Further, we illustrate overlap between the features of 2q23.1 duplication and other syndromes such as Williams syndrome, fragile X syndrome, Rubinstein-Taybi syndrome, Smith-Magenis syndrome, Angelman syndrome and Prader-Willi syndrome. The cheerful demeanor and ease with strangers that is seen in Williams syndrome is also seen in some 2q23.1 duplication patients.19 Behavioral characteristics such as stereotypic movements and self-injurious behavior that are seen in 6/9 of the duplication subjects are also seen in fragile X syndrome and Smith-Magenis syndrome.20, 21 The likeable and happy disposition of 2q23.1 duplication subjects is also present in the Angelman syndrome phenotype.22 The broad first toes, which are prevalent in the duplication subjects are also found in the Rubinstein-Taybi phenotype; however, broad thumbs were not observed.23 These similarities between phenotypes suggest that the genes causative for these syndromes are possibly involved in overlapping molecular networks that, when altered, contribute to the observed phenotypes.

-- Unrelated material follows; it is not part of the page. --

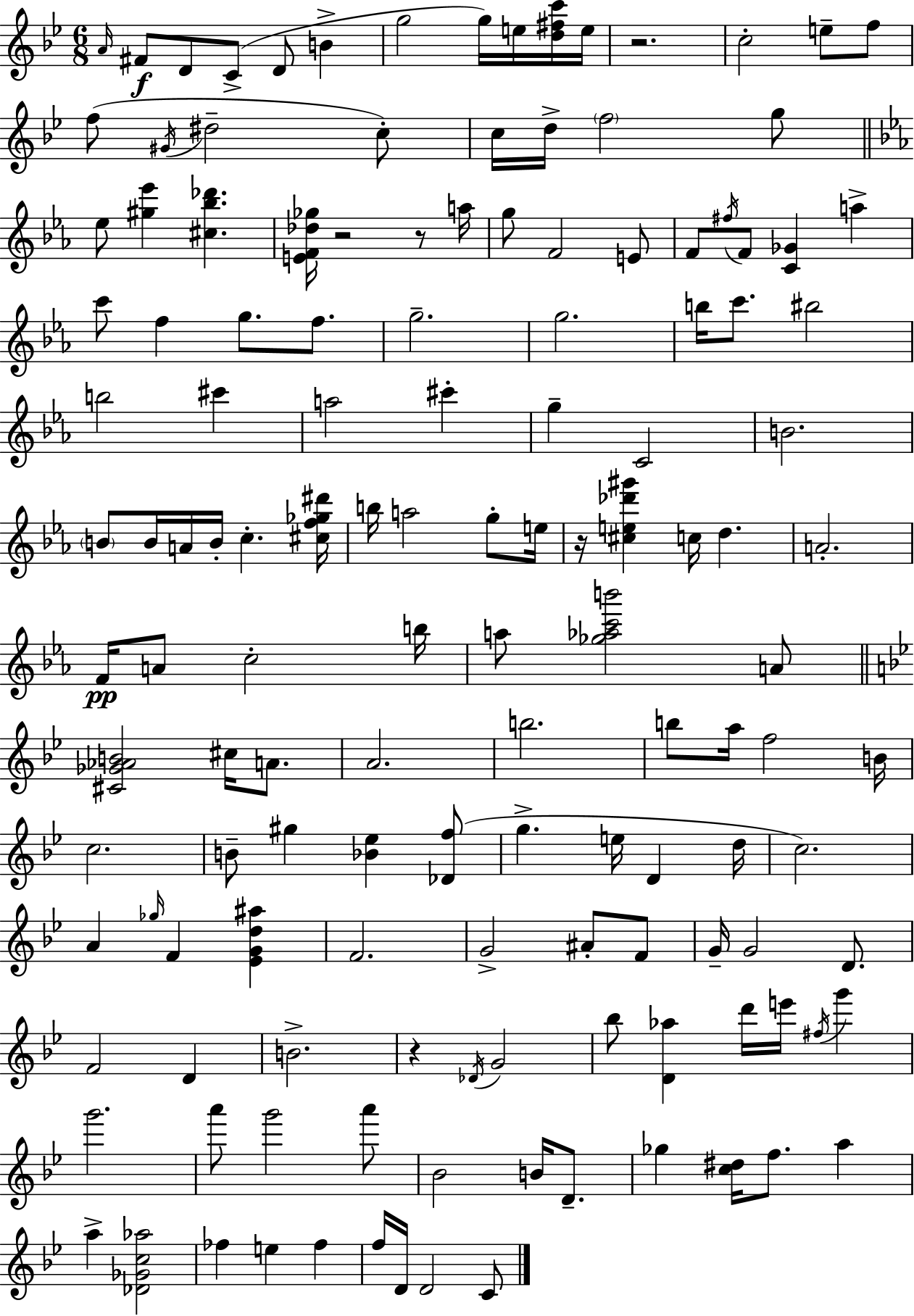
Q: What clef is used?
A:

Overall, these findings suggest that precise gene dosage of MBD5 is clearly required for normal development of speech/language and normal cognitive functions. Furthermore, these findings support a role for MBD5 in neuronal development by mediating central nuclear functions important for regulation of gene dosage and expression. Finally, based on the similarity of MBD5 disorders to other well-known syndromes, testing for MBD5 dosage changes and/or mutation should be considered after molecular diagnosis for certain neurodevelopmental disorders proves futile.